I do my best to compartmentalize my work and my disappointments after a long winter, but it isn’t always easy. I try to keep busy working on several projects; building a salvaged greenhouse, removing stumps from the farm, tilling the fields, mending fences, removing rock piles, moving a pig fence, the list goes on. But the downtime still gets to me.

The other day, the HVAC service man came to fix the heat. I asked him if he might want to give me a job. We decided the training time would be too much for me, but he did agree to meet me for a beer after work. We chatted through the window of the laundry room while he kneeled in the snow in his uni-suit and knee pads. Before he left we shared some coffee and a marzipan eggplant.

A week later I am still waiting for him to text me about where to meet for that beer.

I have been making venison sausage, which I find is the very best winter currency. My cousin Rodney gave me a buck a while back. He hung it in a shed without telling anyone (always a good gag by the way). I butchered the buck while it hung in front of my grandmother’s house from a Beach Tree my grandfather planted. I then brought the venison to an Italian grocery in Milford along with some of Everett Whiting’s meat, to be made into half sweet and half spicy sausage. The man who makes it is named Babe. He is in his late 80’s and mixes about 60 per cent pork to 40 per cent venison, along with his recipe of herbs and seasonings that I assume is a secret.

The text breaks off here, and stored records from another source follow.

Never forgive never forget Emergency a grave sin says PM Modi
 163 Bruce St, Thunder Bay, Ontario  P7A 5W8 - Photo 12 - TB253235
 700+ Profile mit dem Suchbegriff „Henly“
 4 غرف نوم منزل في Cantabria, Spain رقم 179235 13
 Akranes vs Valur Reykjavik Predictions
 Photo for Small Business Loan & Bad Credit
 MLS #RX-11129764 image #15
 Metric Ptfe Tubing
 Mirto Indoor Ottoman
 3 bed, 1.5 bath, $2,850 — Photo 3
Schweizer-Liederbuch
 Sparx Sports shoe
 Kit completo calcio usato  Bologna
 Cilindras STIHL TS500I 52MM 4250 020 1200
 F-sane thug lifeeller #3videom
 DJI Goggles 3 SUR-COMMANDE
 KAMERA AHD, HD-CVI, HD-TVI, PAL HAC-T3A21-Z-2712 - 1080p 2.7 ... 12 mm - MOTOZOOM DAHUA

Recently I discovered that there are Q-tips available in the Up-Island Cronig’s bathroom and took four. I used two as I drove home and saved two for a later date. I wonder how many people know about this.

My favorite seaweed spot is chock full and it took me five minutes to load up my truck. The pond where it gathers is still too cold to swim in, but soon I will test the waters. I found some watercress in a stream somewhere and we enjoyed it for three or four meals. The best version was with shaved fennel, blanched cauliflower and anchovy dressing.

Two days in a row my neighbor Sheila Muldaur drove by as I blearily gathered the newspaper at the end of the road. Growing up the way I did, I am pretty much embarrassed whenever I am seen not working, even when fetching the newspaper. I was wearing teal sweatpants that say Okemo on them, which didn’t help.

About a month ago, when it was still pitch black before 6:30 a.m., I walked to the end of the driveway and blindly grabbed a piece of lichen about the size of a baseball that was floating in a puddle. I thought it was a newspaper as its color resembled the color of the bag the newspapers are delivered in. It now sits on the windowsill next to a seashell. On the adjacent window sill sits a sand blown crab shell found on the South Shore, a pink clam shell found on the North Shore and a petrified clam shell my father found beneath the Aquinnah cliffs. He tells me it is millions of years old. I believe him.

I fill up my tractor tires with air at the Chilmark fire station, but I assume that’s not a common thing. It is very fun to drive the tractor over there and I have daydreams of taking a fire engine out for a little spin. I always picture my mom with me. If we did so, we would head for the Aquinnah cliffs like Thelma and Louise. We would fly off together timing it in accordance with the sunset. Those sitting in Menemsha would clap at the same time and my mom and I would pretend it was for us because we were in a flying fire engine; although it would actually be for the sunset.